California’s crushing housing shortage forces thousands of hard-working families who cannot afford extreme housing costs to leave our state, leaving employers from local restaurants to tech giants stuggling to find employees.
The most visible impact of our decades-long failure to build enough homes is on our streets, where the least-fortunate victims live in tents, RVs and sleeping bags. These are our neighbors, and they urgently need more homes.
But that is not what we’re offering.
Last month, Fremont joined many California cities by making it illegal to be a human without a house. By banning tents, RVs, and even sleeping bags in public, Fremont sent a clear message: The housing shortage isn’t our problem. With only 100 shelter beds for over 800 unhoused residents, our city chose punishment over compassion. This crackdown criminalizes people with nowhere else to go. This response reveals a deeper problem: We’re using enforcement to cover up our decades-long failure to build enough homes across the Bay Area and California.
Fremont’s 2024 Homelessness Response Plan emphasized prevention, housing and outreach. But the city chose criminalization, forcing providers like Abode Services to suspend aid due to legal risks. A lawsuit from unhoused residents, supported by the California Homeless Union and local faith leaders, now challenges the ordinance.

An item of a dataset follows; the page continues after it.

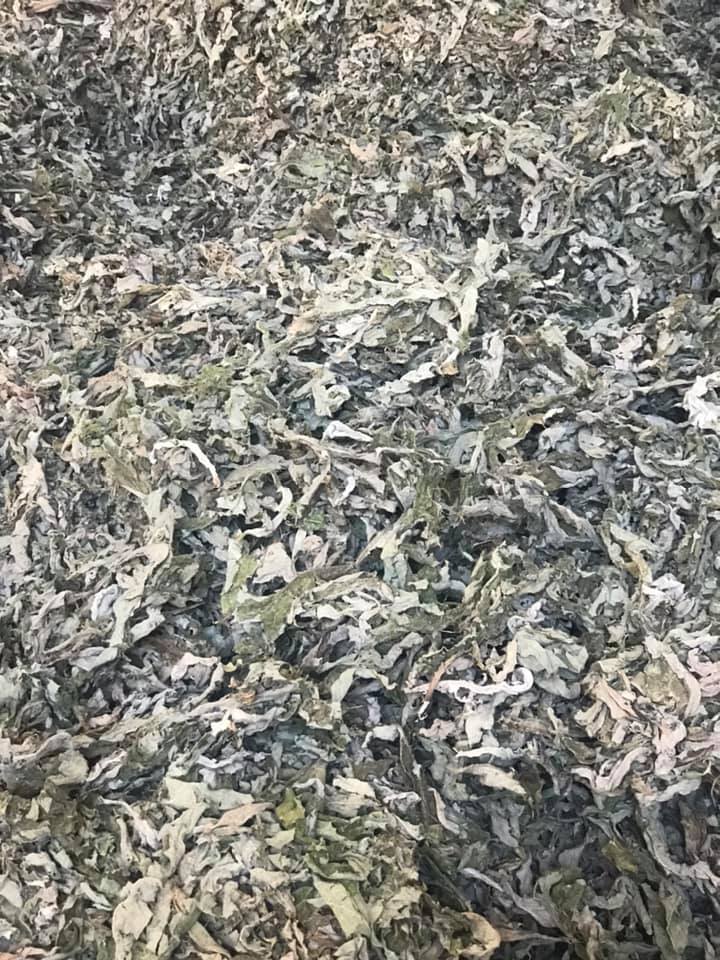 Dried Artichoke Leaves 1kg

Cities across the East Bay are facing rising homelessness rooted in long-term housing shortages. Throughout the 2010s, California’s cities saw the lowest decade of homebuilding since the 1960s, even as our economy boomed. The Bay Area added only one new home for every six new jobs.
The predictable result: Alameda County rents jumped 26% from 2010 to 2021. By far the biggest beneficiaries are landlords who profit from scarcity to raise rents, with many openly praising the lack of overall supply as “good for business.” Rising rents are a primary cause of homelessness, which we cannot address until we fix the housing shortage.
To make progress, the state must clear roadblocks. A proposed bill, SB 79, would require cities to allow more homes near major transit stops — areas already connected to jobs and services. Currently, local laws often ban apartments within a half-mile of BART stations, explaining why 59 percent of low-income Bay Area households lack easy transit access. This would also address rising transportation costs and pollution from long car commutes.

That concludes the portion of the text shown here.